Stylistically, we can thank the translator: I'm obviously unequipped to determine the fidelity of the translation to the original Latin, but I am equipped to say that the English was graceful and natural. The conversion from poetry to prose suggests that readability in English was of more interest to the translator than strict literality -- a choice I applaud wholeheartedly.

Story-wise, the book is a bit odd, in that it's really a collection of micro-stories woven together with often-flimsy segues: When Ovid finishes a story about Cadmus, for instance, he then talks about how woe would come to Cadmus's descendants, and inside of a paragraph, we're off reading about someone else. These abrupt transitions threw me at first, because I was treating them as digressions, and waiting to get back to the main story line. But once I realized that there is no main story line, that the text meanders through a bunch of thematically-linked anecdotes with no overarching plot, I was set.
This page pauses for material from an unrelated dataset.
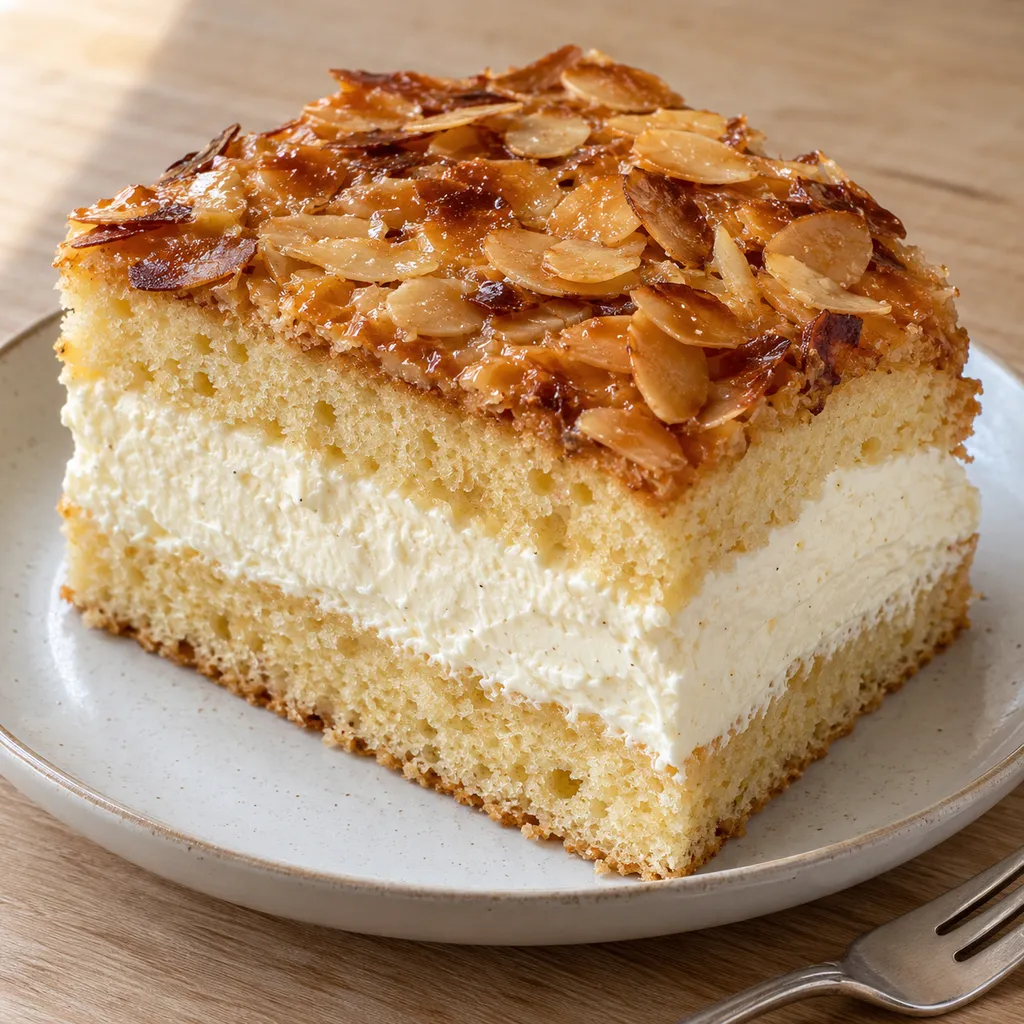 Bienenstich mit zwei Hefeteigschichten, Vanille-Sahne-Creme und goldbraunen Honigmandeln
The biggest critique I can make is that there are an awful lot of stories here, and they are a bit repetitive -- at about the thirtieth time that someone gets turned into a tree for pissing off a god, it begins to feel old hat. Still, there's enough variety (including a somewhat out-of-place long discussion of ostensibly Pythagorean philosophy near the end, and a truly amazing bit of sucking up to Augustus) and chocolately mythic goodness mixed in that it's never a slog.

If, like me, you checked out every book on mythology in your junior high library, you'll enjoy reading this (and wonder why your junior high didn't have it on the shelves).